Humanized mouse model with a fully functional human immune system has also been infected with Dengue virus (DENV) (Frias-Staheli et al. 2014; Kuruvilla et al. 2007; Sridharan et al. 2013; Subramanya et al. 2010). These mice demonstrated fever, rash, viremia, erythema, thrombocytopenia, and production of anti-DENV IgM, IgG and a range of cytokines as observed in patients (Mota and Rico-Hesse 2009, 2011). Another human-specific infectious pathogen studied on humanized mice, Plasmodium falciparum, is a causative agent of malaria (Amaladoss et al. 2015; Carlton et al. 2008; Chen et al. 2014; Good et al. 2015; Jiménez-Díaz et al. 2009; Soulard et al. 2015; Vaughan et al. 2012). For years, our understanding of malaria had been impeded by the lack of human-specific small animal models which can be infected by highly host-specific human Plasmodium species (Amaladoss et al. 2015; Chen et al. 2014; Pain et al. 2008) to recapitulate both erythrocytic and immunological disease pathogenesis observed in patients. Due to this, most in vivo experimental studies of malaria were conducted in rodents with mouse or rat-specific Plasmodium strains (Goodman et al. 2013). Differences in invasion and disease pathology between human and rodent parasite species hindered the translation of findings and evaluation of new therapeutics from rodents to humans (Amaladoss et al. 2015; Chen et al. 2014). This challenge has been tackled by incorporating RBC supplemented, immune cell-optimised (enhanced by hydrodynamic expression of human cytokines, IL-15, and FLT3/FLK2 ligand) humanized mice that supports multiple cycles of P. falciparum infection (Amaladoss et al. 2015; Chen et al. 2014).

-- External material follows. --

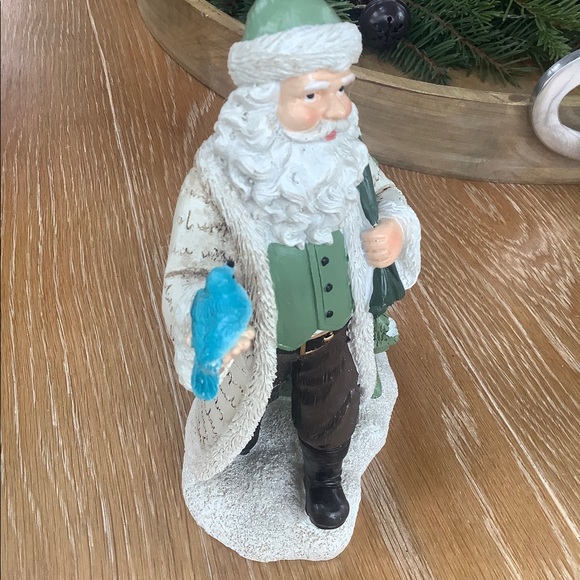 New Santa Figurine - Picture 8 of 8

Utilizing this model, research teams were able to identify the importance of human NK cells, DCs, and B cells in the control of parasitemia. Notably, how NK cells preferentially interacts with infected RBCs (iRBCs), resulting in the activation of NK cells, release of interferon (IFN)-γ, perforin, and granzyme to lyse and eliminate iRBCs in a contact-dependent manner and the importance of adhesion molecule lymphocyte-associated antigen-1 and DNAX accessory molecule-1 which are required for NK cell interaction and clearance of iRBCs (Amaladoss et al. 2015; Chen et al. 2014). Besides facilitating the understanding of human immune responses to Malaria infection, the use of humanized mice also assists in evaluation of new therapeutics and vaccines (Good et al. 2015; Tsuji et al. 1995).

In addition to the human immune system, recent progress has been made to introduce humanization of the liver in humanized mice to support the study of hepatotropic pathogens such as hepatitis B virus and hepatitis C virus (HCV) (Bility et al. 2012; Keng et al. 2015; Strick-Marchand et al. 2015; Tan-Garcia et al. 2017; Washburn et al. 2011). It has been shown that these new humanized mice could be infected with human strains of hepatitis viruses and exhibit leukocyte infiltrations, liver inflammation, fibrosis, cirrhosis, and elevated cytokines similar to HCV-infected patients (Bility et al. 2014; Keng et al. 2015; Tan-Garcia et al. 2017; Washburn et al. 2011). Mouse models with human liver cells and matched human immune system provides an important platform for understanding disease pathogenesis of hepatitis viruses through human-specific cytokines, chemokines and immune cell regulations involved, potentially translating this knowledge into creation of anti-fibrotic and immune-modulatory therapeutics (Bae et al. 2015; Keng et al. 2015).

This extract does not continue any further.